YOUR GOAL
Return the records in full, with every character preserved.

------------------------------

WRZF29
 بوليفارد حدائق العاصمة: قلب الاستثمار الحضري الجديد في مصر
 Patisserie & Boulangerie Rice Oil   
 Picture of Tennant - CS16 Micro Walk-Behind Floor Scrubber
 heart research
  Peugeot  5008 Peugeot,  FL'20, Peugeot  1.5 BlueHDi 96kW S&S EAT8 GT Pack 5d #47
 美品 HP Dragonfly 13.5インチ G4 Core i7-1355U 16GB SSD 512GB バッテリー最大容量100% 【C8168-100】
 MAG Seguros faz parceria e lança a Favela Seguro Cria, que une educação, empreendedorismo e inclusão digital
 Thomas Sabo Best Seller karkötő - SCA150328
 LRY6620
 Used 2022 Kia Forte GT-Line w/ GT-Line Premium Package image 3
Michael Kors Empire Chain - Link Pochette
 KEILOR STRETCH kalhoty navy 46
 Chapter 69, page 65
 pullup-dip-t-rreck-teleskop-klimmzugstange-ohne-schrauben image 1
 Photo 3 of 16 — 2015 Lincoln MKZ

------------------------------

FINISHED EXERCISE
WRZF29
 بوليفارد حدائق العاصمة: قلب الاستثمار الحضري الجديد في مصر
 Patisserie & Boulangerie Rice Oil   
 Picture of Tennant - CS16 Micro Walk-Behind Floor Scrubber
 heart research
  Peugeot  5008 Peugeot,  FL'20, Peugeot  1.5 BlueHDi 96kW S&S EAT8 GT Pack 5d #47
 美品 HP Dragonfly 13.5インチ G4 Core i7-1355U 16GB SSD 512GB バッテリー最大容量100% 【C8168-100】
 MAG Seguros faz parceria e lança a Favela Seguro Cria, que une educação, empreendedorismo e inclusão digital
 Thomas Sabo Best Seller karkötő - SCA150328
 LRY6620
 Used 2022 Kia Forte GT-Line w/ GT-Line Premium Package image 3
Michael Kors Empire Chain - Link Pochette
 KEILOR STRETCH kalhoty navy 46
 Chapter 69, page 65
 pullup-dip-t-rreck-teleskop-klimmzugstange-ohne-schrauben image 1
 Photo 3 of 16 — 2015 Lincoln MKZ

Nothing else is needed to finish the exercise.